* Data records
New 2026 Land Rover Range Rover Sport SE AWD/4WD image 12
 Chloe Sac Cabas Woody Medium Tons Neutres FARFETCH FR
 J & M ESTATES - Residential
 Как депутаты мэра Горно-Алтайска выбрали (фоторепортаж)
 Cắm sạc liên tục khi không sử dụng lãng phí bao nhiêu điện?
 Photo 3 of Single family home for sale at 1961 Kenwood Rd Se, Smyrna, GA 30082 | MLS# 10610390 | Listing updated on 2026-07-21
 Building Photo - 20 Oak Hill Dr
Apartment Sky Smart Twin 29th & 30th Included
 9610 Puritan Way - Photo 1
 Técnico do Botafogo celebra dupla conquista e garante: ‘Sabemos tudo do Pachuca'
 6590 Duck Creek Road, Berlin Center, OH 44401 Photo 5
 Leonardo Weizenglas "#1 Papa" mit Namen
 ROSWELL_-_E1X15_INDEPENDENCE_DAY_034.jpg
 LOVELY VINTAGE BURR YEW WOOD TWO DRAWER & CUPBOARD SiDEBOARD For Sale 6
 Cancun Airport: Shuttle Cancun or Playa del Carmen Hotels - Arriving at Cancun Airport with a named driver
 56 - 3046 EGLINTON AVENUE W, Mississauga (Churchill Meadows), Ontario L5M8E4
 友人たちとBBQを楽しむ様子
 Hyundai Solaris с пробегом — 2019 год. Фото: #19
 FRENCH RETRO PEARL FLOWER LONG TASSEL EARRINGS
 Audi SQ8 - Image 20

* Goal of the exercise
Set down, word for word and with no other lines, the listing from the line marked by "ROSWELL_-_E1X15_INDEPENDENCE_DAY_034.jpg" through its final line.

* Completed exercise
 ROSWELL_-_E1X15_INDEPENDENCE_DAY_034.jpg
 LOVELY VINTAGE BURR YEW WOOD TWO DRAWER & CUPBOARD SiDEBOARD For Sale 6
 Cancun Airport: Shuttle Cancun or Playa del Carmen Hotels - Arriving at Cancun Airport with a named driver
 56 - 3046 EGLINTON AVENUE W, Mississauga (Churchill Meadows), Ontario L5M8E4
 友人たちとBBQを楽しむ様子
 Hyundai Solaris с пробегом — 2019 год. Фото: #19
 FRENCH RETRO PEARL FLOWER LONG TASSEL EARRINGS
 Audi SQ8 - Image 20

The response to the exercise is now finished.